João comprou um galpão. E, logo, preparou placa de Aluga-se para pôr na entrada. Ocorre que, na mesma hora, 5 coqueiros estavam sendo plantados no meio da rua que ficava à direita do tal galpão. E, no local, instalou-se vistoso comércio informal de madeiras. Problema é que, com a ocupação da rua, os possíveis usuários do galpão não poderiam ter acesso ao estacionamento, que ficava nos fundos. João não iria alugar seu imóvel, nunca. Procurou o tal camelô das madeiras. E pediu que tirasse aquelas tralhas dali. Em vão. Perguntou, por perguntar, se o tal cidadão pagava imposto. Resposta foi “Imposto é prá otário”. E João sentiu, na hora, que o otário dessa história era ele. Por pagar, religiosamente, IR, IPTU, ISS, ICMS, Previdência dos empregados, DPVAT, Taxa de Bombeiros.

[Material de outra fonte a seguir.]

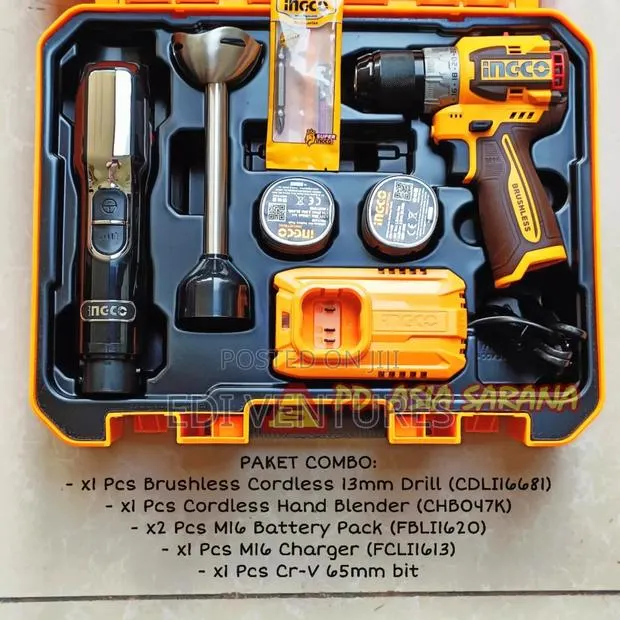 Ingco 2 Pieces Combo KIT Drill + Blender - Ckli1628 · Photo 1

Foi à polícia para liberar a rua. O policial disse apenas: “Se o tal camelô fosse rico, como Vossa Excelência, a gente tirava. Mas pobre como nós, não”. E ainda o recriminou: “Deixe o coitado ganhar a vida!, homem”.  João ligou para o 0800 da Prefeitura. Em vão. Foi lá, pessoalmente. Como o comércio de madeiras fechava uma rua, dirigiu-se à Secretaria das Mobilidades. O secretário informou que não estava, entre suas atribuições, cortar coqueiros. E sugeriu procurar a Secretaria do Meio Ambiente. Esse outro secretário prometeu resolver. Só prometeu. Que nunca esteve, nos seus planos, perder tempo com 5 coqueiros. Desesperado, João ligou para o telefone dos Bombeiros, 3421.9595. Tantas vezes que o dedo ficou roxo. O pessoal, provavelmente, estava de férias. Dirigiu-se à repartição. Foi lá, para conferir. E os bombeiros, por voz de um educado coronel, informaram que só atuavam em estabelecimentos “legalmente constituídos”. Regulares. Autorizados pela Prefeitura. Como se tratava de um camelô, perdão, mas não tinham nada com isso. João, então, lembrou frase de Fernando Pessoa, sobre os funcionários públicos: “São nomeados para não fazer nada, e é efetivamente o que fazem. Deles, pois, é o Reino dos Céus… Deixemo-los e volvamos à terra”. (1926, Revista de Comercio e Contabilidade).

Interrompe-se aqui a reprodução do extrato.